That January, Menzies’s cabinet had endorsed, with what his minister for external affairs, Richard Casey, described as “rather unusual enthusiasm,” a memorandum entitled “Australian Activities in the Cold War.” According to the memorandum, which is available at the National Archives of Australia, while Australia would certainly need to build up its defences to deter or withstand military attack if it occurred, overt aggression in Southeast Asia was highly unlikely in the period up to the end of 1956. The main threat would be the intensification of the eight-year-old communist insurgency in Malaya, which could, in the absence of effective countermeasures, jeopardise Australia’s position in the region. (Australia would in fact send a battalion of troops to Malaya in October 1955.) “Australia and the democratic nations must… prevail,” said Casey, “so that the communists do not gain their objective by subversion, infiltration and other non-military means.” The West must be prepared to pursue Cold War policies “with no less energy than is required for the preparedness of our armed forces.”

Casey identified four activities that Australia could undertake within the existing Manila Treaty arrangements. It could exchange information about communist activities and techniques and about counter-measures. It could assist in developing local security forces, such as police. It could deploy propaganda and information to combat communism. And it could assist in eliminating communist influence and promote of “democratic and pro-western influences” in civil society.

Acknowledging that the United States and Britain carried the main burden of waging the cold war in the region, Casey suggested that the government ask three questions when determining the precise nature of Australia’s contribution. Is Australia’s contribution worthwhile in itself? Would it encourage the United States and Britain to pay more attention to the region? Would it give Australia more say in the discussion of regional policy with those two allies?

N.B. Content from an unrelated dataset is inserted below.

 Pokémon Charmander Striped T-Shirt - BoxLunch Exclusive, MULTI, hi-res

Casey foresaw “no difficulties in principle” in exchanging information with SEATO partners. In practice, matters would need to be worked out on a case-by-case basis with the appropriate Australia military and civil authorities. Likewise, although the British had a longstanding interest in the field, Australia should be able to help train local security forces.

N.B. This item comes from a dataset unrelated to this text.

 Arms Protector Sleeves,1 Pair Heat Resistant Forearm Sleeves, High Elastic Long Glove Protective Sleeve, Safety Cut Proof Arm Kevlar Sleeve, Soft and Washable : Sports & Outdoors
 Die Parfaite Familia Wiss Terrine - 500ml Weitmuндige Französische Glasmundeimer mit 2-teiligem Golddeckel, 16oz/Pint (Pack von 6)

It was in the area of propaganda and information, however, and through eliminating communist influence from schools, unions and the like, that Casey believed Australia could make a “significant” contribution. Radio Australia’s news service, which had built a “valuable reputation” for objectivity, had attracted a wide audience, particularly in Indonesia, where signal reception was excellent. Radio Australia had already decided to introduce a daily Mandarin Chinese session to supplement existing programs broadcast in English, Indonesian and French. Casey argued the desirability of increasing both the number and length of RA broadcasts and increasing transmitting capacity.

Casey also thought it might be useful to try to interest the ACTU in making contact with “free” trade unions, particularly in Indonesia, where they were largely under communist control, with a view to influencing their policies towards “democratic ends.” An Australian unionist might be sent to the Jakarta embassy as a labour attachĂ©, and the government might sponsor visits to and from Australia by unionists and schoolteachers.

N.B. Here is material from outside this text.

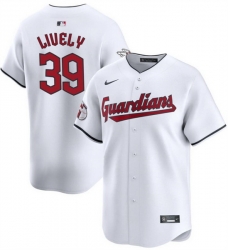 Men Cleveland Guardians 39 Ben Lively White Cool Base Stitched Baseball Jersey Men Cleveland Guardians 39 Ben Lively White Cool Base Stitched Baseball Jersey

As officials had examined options should the Cold War become hot, the shortage of Australians who spoke “far eastern languages” had become quickly apparent. To remedy this, Casey thought that an attempt might be made to introduce Indonesian and Malay language courses in Australian universities with, “if necessary, inducements to undergraduates to take them as part of a normal degree course.”

Casey conceded that these plans would not be cost-free, but argued that “not a large sum” was involved. In the case of Radio Australia, the income the ABC received from listeners’ radio licences would need to be supplemented by government, but any additional cost would be “small in relation to the military expenditure we must in any case contemplate.”

Expressing the view that the matters referred to in his submission were “of the utmost importance,” cabinet invited Casey to assume responsibility for coordinating cold war planning. With the postmaster-general, Larry Anthony, he would prepare proposals for expanding the activities of Radio Australia, and he would arrange for the external affairs and prime minister’s departments to prepare proposals for the teaching of Indonesian, Malaya and “possibly other languages” and to “look into the question of combating subversive propaganda domestically.”


CASEY recalled a senior diplomat, J.D.L. Hood, from Bonn to serve as his “senior backroom thinking boy” on Cold War matters. As Casey told his Canadian opposite number, Lester Pearson, Hood, was “a fellow with the sort of mind who might be good at this.” Reporting the Hood appointment, the Melbourne Herald suggested that while his task may not be easy, Hood, a former journalist, “may be the right man to make our case for democracy convincing to the Asian mind.”

Hood’s boss, Arthur Tange, was not pleased by the publicity and fired off a telegram to an official in London, Jim Plimsoll. Indicating that he wanted public talk of Hood’s functions kept to an “absolute minimum,” Tange said that while it may be inevitable and even desirable that some of the government’s proposals be discussed, ultimately Australia would be embarrassed by “persistent enquiries from other governments.” And if these activities were described as Cold War exercises, “We shall make ourselves suspect all over Asia.”

The secretary of the labour and national service department, Henry Bland, doubted the wisdom of sending a trade unionist to Jakarta. A Burmese union official had told him that the ACTU president, Albert Monk, had been interested only in “the rights of trade unions and not their obligations” during a visit to Rangoon. Most Australian unionists thought only within the framework of the arbitration system, so they would be “quickly out of their depth in an alien environment,” the Burmese (a Mr Ho), had said. Bland suggested that it would perhaps be better to send to Jakarta someone from his department who could “survey the trade union situation up there” and report on the desirability of the appointment of a permanent labour attachĂ©.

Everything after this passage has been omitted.